2. Rispettare la tradizione
Innovare non vuol dire tagliare i ponti col passato, ma reinventare costantemente ricette e formati distributivi classici, interpretandoli in modo moderno e allineato ai nuovi trend di consumo.
Ancora dal libro, a proposito di come segnalare caratteristiche e ingredienti dei panzerotti al banco: «Negli anni ho imparato a fidarmi anche delle mie sensazioni, anche quando agli occhi degli altri vengono scambiate per capricci. "Ma Luigi! Perché non vuoi mettere un tabellone con i numerini? È pratico, moderno, agevola negli orari di punta, lo hanno tutti!". NO! I clienti non sono freddi numeri e la mia bottega non è un ufficio postale».
3. Orientamento al cliente
Costante ascolto delle esigenze del cliente e della loro evoluzione nel tempo, senza mai smettere di rispondere ai bisogni emergenti della domanda, che è il vero fulcro dell'iniziativa imprenditoriale.

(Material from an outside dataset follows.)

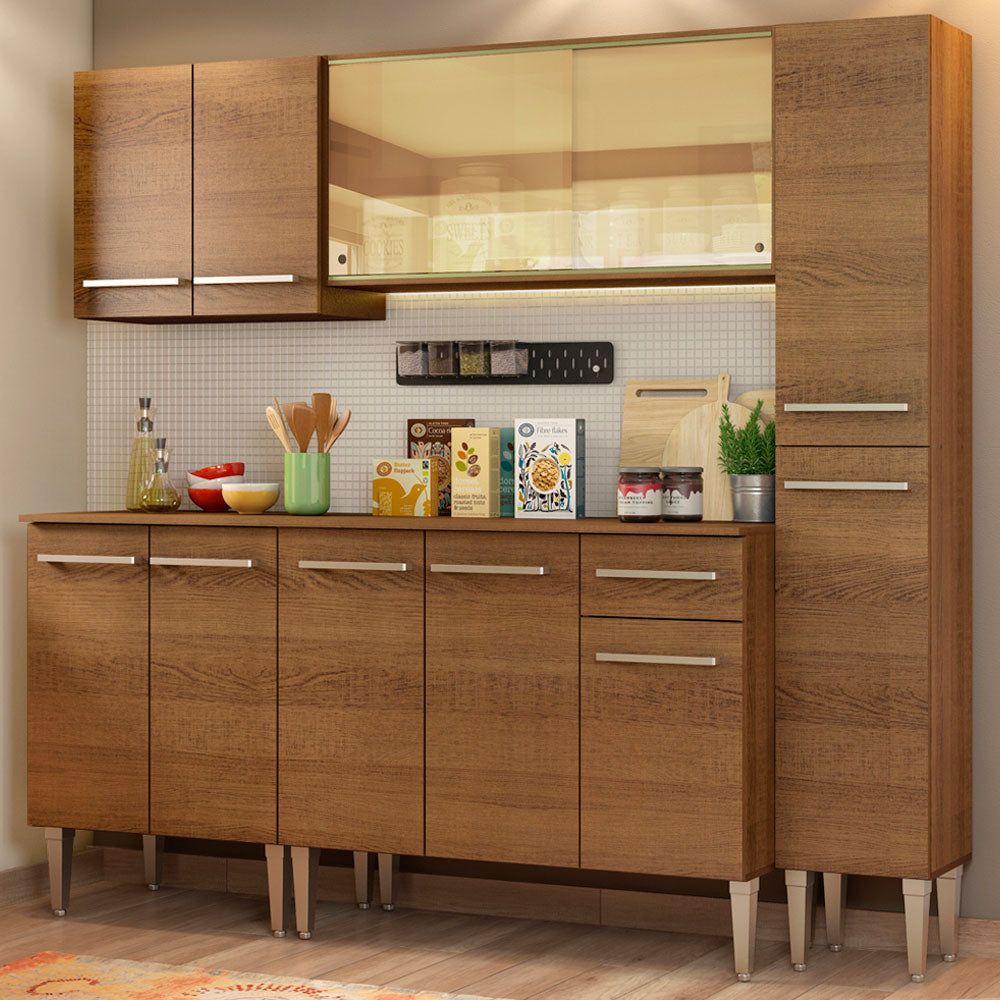 Cocina Integral Emilly West 2.00 Metros Marrón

«Certi clienti li considero una fortuna. Non per quello che mi hanno comprato, ma per quello che mi hanno insegnato». E così, ascoltandoli, Luini ha mantenuto viva l'offerta del suo forno. «È cambiata e non poteva essere altrimenti - ricorda sempre Luini nel libro - se mi fossi limitato a fare michette non sarei a raccontare questa storia. Fu quello londinese il periodo delle più grandi sperimentazioni, alcune delle quali, rientrato in patria, volli riproporre anche a Milano. In memoria degli anni a Londra, mi lasciai convincere a tenere i nomi originali, così come erano stati pensati, in inglese. «Chocolate Cake» e «Country Cake» entrarono allora nel nostro menu, alcune varianti vennero rimaneggiate ancora, altre invece abbandonate per far spazio alle novità più in linea con i gusti dei clienti».
4. Trasformare le passioni in lavoro
La passione rappresenta il punto di partenza dell'attività imprenditoriale, così l'impegno nel lavoro e nelle attività professionali non rappresenta più un sacrificio, ma diventa soddisfazione e piacere.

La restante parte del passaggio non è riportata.